| Activity |
Only one stretch of the data below is wanted: the lines starting at the one with "Tomada Antiga Baquelite Redonda Macho" and ending at the one with "Frisch Ei-Waffelkuchen mit", both included, given again exactly.

--- Records supplied Enclosed Below ---

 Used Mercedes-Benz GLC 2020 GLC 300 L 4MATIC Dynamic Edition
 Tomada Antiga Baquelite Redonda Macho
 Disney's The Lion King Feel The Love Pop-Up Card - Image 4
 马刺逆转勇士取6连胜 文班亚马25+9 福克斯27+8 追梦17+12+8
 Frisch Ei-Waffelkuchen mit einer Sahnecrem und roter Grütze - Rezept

--- End of Enclosed Records supplied ---
--- Records supplied Enclosed Below ---

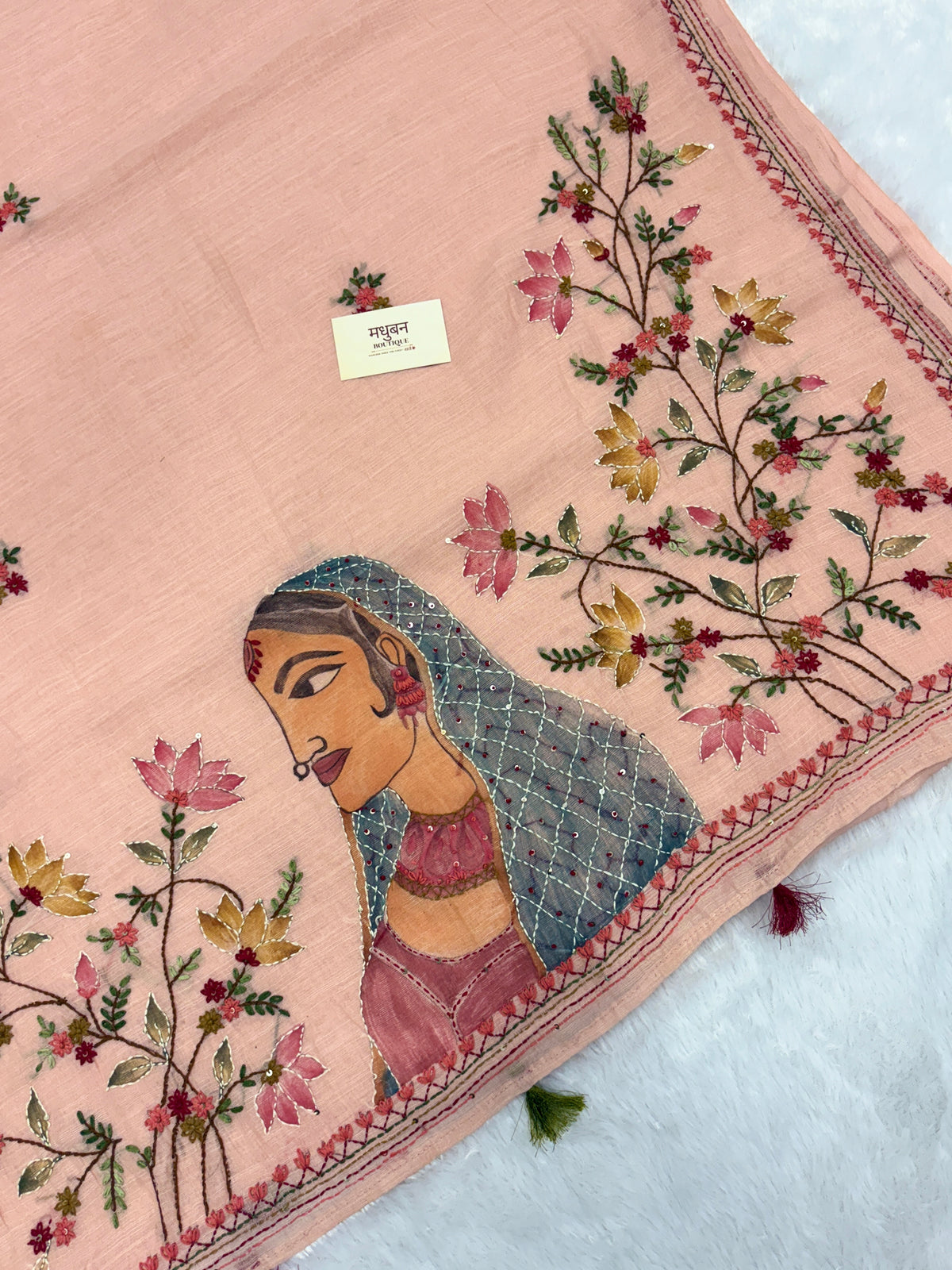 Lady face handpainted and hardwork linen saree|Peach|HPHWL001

--- End of Enclosed Records supplied ---

| Exercise solution |
 Tomada Antiga Baquelite Redonda Macho
 Disney's The Lion King Feel The Love Pop-Up Card - Image 4
 马刺逆转勇士取6连胜 文班亚马25+9 福克斯27+8 追梦17+12+8
 Frisch Ei-Waffelkuchen mit einer Sahnecrem und roter Grütze - Rezept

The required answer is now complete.